はっさくはプチっと弾けるような食感と甘酸っぱさ、ほのかに感じるさわやかな苦味が持ち味。その特徴を生かして上品な甘さの白あんともちもち食感の求肥で包み込んだ大福は、絶妙なバランスを考え抜かれたゆえのおいしさ! 伝統の技で手亡豆のうまみを活かした白あんがはっさく特有の甘酸っぱさと苦みを引き立て、やさしくなめらかな舌ざわりの中からあふれ出すみずみずしい果汁とシャキシャキ感がたまりません。

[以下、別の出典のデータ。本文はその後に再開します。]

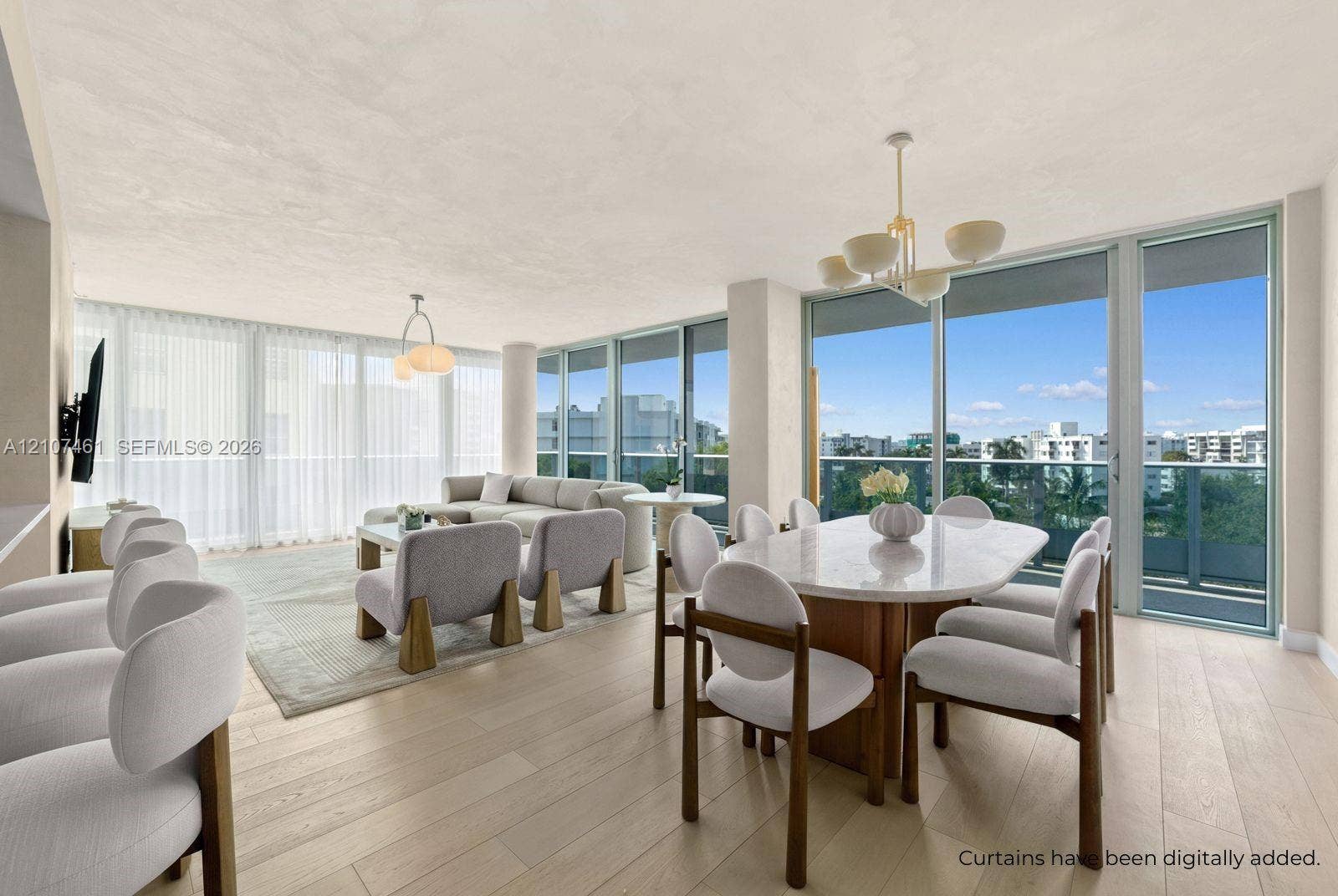 9201 E Bay Harbor Drive, #602, Bal Harbour, FL 33141 Open-concept area featuring light-toned wood-finish flooring, floor-to-ceiling glass paneling, metal-framed terrace access, and dual pendant chandeliers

はっさくを模したかわいらしい包み紙でひとつずつ包装された大福は、広島のお土産としても大人気。ぜいたくで涼やかな虎屋自慢の逸品です。
◇虎屋本舗のこと◇
虎屋の歴史は古く、江戸初期までさかのぼります。兵庫で廻船問屋(当時の海運業)と染物屋を営んでいた高田屋の初代が、元和六年(1620年)に徳川家康公の従兄弟にあたる初代福山藩主・水野勝成公の命を受けて伏見櫓を運んだごほうびとに福山吉津に土地を拝領。宿老を仰せつかって福山に永住することになってはじめたのが菓子匠、虎屋本舗(高田屋)です。福山城築城の折に献上したまんじゅうの味を藩主がいたく賞賛され、豊穣を祝う伝統火祭り「左義長」(とんど)の名(現在の銘菓“とんど饅頭”)を拝命。以来、400年以上にわたり福山藩御用菓子司として伝統的な和菓⼦職⼈の技を守り継ぎながら、瀬戸内の文化や素材を生かしたお菓子づくりに精進されています。